Karl Gélinas a vu son incroyable séquence de 40 manches sans accorder de point prendre fin, jeudi.

Wichita 3/Québec 1: Gélinas, humain après tout!

Même lorsque l'offensive tombe à plat, les Capitales ont l'habitude de l'emporter lorsque Karl Gélinas est sur la butte. Mais le grand droitier a finalement eu l'air humain, jeudi soir, au Stade municipal, accordant ses premiers points en près d'un mois dans une défaite de 3-1 contre les Wingnuts de Wichita.
Le duel entre l'as lanceur des Capitales et la verte recrue des Wingnuts Eddie Medina avait tout d'inégal sur papier. Sauf que Medina ne l'entendait pas ainsi. Le jeune lanceur, qui était sans emploi dans le baseball professionnel il y a quelques semaines, a espacé trois coups sûrs et accordé un maigre point à l'offensive des Capitales en six manches et deux tiers de travail. 
«L'histoire du match, c'est lui. Il a connu toute une partie», soulignait le gérant Patrick Scalabrini après le match, préférant applaudir le jeu de Medina plutôt que de blâmer ses frappeurs. «C'est rare que l'on voit un gars avoir le dessus sur Karl. Surtout une recrue contre un alignement de frappeurs aussi redoutable que le nôtre.»
Gélinas avait sa forme étincelante habituelle en début de match. Les Wingnuts ont eu besoin de quatre manches pour placer un premier coureur sur les sentiers, pendant que le partant des Capitales multipliait les retraits au bâton. 

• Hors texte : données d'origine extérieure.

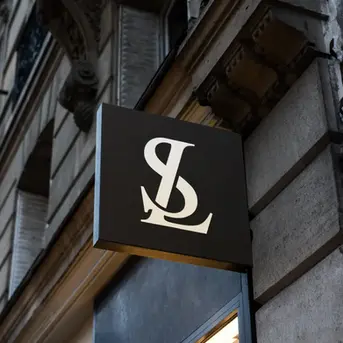 Monogram signage design with overlapping letters 'S' and 'L' displayed on a black storefront sign in a classic European setting.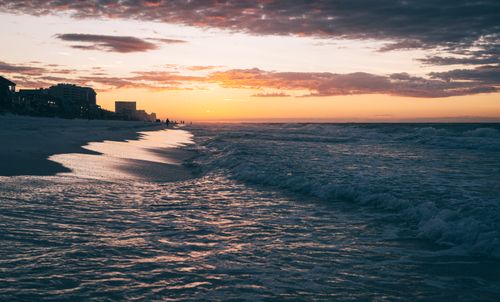 Free Stunning beach scene with crashing waves under a vibrant sunset sky. Stock Photo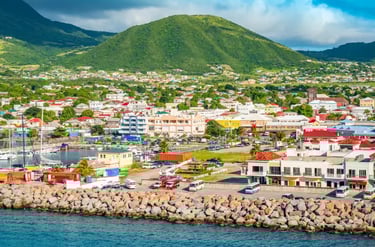 Aerial view of Basseterre harbor in St. Kitts with colorful buildings and a lush green mountain.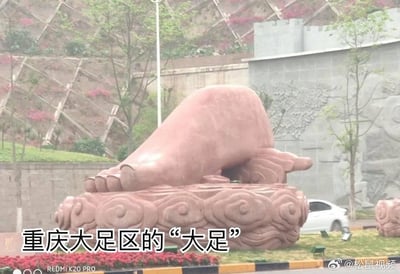 这是一张拍摄于重庆大足区的实拍照片，画面核心是一座巨型的脚形雕塑，雕塑以祥云造型为底座，安置在道路旁的绿化区域中。背景可见带有护坡结构和绿植花卉的坡地，还有一辆白色轿车从雕塑旁的道路驶过。
图中配文点明这是重庆大足区的“大足”，用巨型脚的雕塑来呼应“大足”这个地名，是将地名做了谐音+具象化的趣味设计，充满巧思，让人一眼就能get到和地名的关联。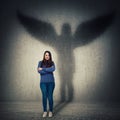 Woman casting angel shadow
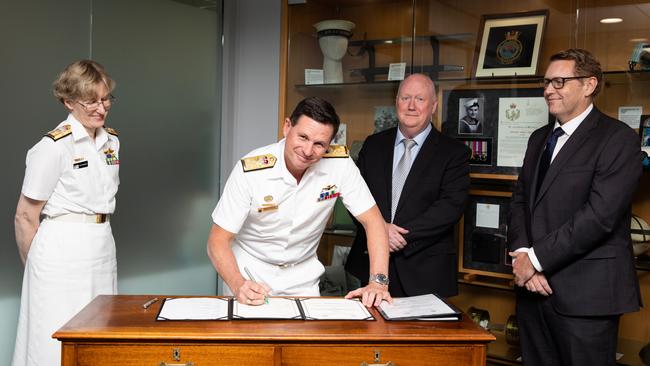 Chief of Navy Vice Admiral Mark Hammond signs the MOU alongside Head of Navy Engineering Rear Admiral Kath Richards, AMSA CEO Mick Kinley and AMSA executive director operations Michael Drake in Russell Offices, Canberra.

Les choses se sont gâtées pour lui en sixième. Avec des coureurs aux premier et deuxième coussins, Gélinas a vu son incroyable séquence de 40 manches sans accorder de point prendre fin sur un simple de David Espinosa qui plaçait les Wingnuts en avant 1-0. Les Capitales ont répliqué à leur tour au bâton, nivelant la marque à 1-1 sur un simple de Will Walsh, mais, ayant finalement soldé l'énigme Karl Gélinas, les Wingnuts n'allaient pas s'arrêter en si bon chemin. En septième, Jerry Gonzalez a relancé Wichita en avant avec un double de deux points. 
«Toute bonne chose a une fin», a admis un Gélinas loin d'être abattu après son départ de sept manches. «Il faut leur donner crédit, ils m'ont frappé sur de bons lancers.» Le partant des Capitales a lui aussi été impressionné par le jeu de son vis-à-vis. «Nos frappeurs n'avaient vraiment pas l'air à l'aise au bâton.»
Chance en or ratée
Une fois Medina retraité au vestiaire, les Capitales ont manqué une chance en or de revenir dans le match en fin de huitième manche. Après que Will Walsh et Josué Peley se furent rendus sur les buts sur des erreurs de la défensive des Wingnuts, le releveur Luis Pardo a concédé un but sur balle à Tim Smith. Jean-Luc Blaquière, amené comme frappeur suppléant, a toutefois fendu l'air avec les buts remplis pour mettre fin à la manche. 
«C'est très difficile quand tu ne joues pas du match d'aller prendre une aussi grosse présence au bâton», a excusé Patrick Scalabrini. «On va essayer de voler une série difficile demain [aujourd'hui] contre Scott Richmond, un vétéran lanceur canadien.»
Les Capitales enverront Sheldon McDonald (7-4) sur la butte, aujourd'hui, pour faire face à l'excellent Richmond (3-1).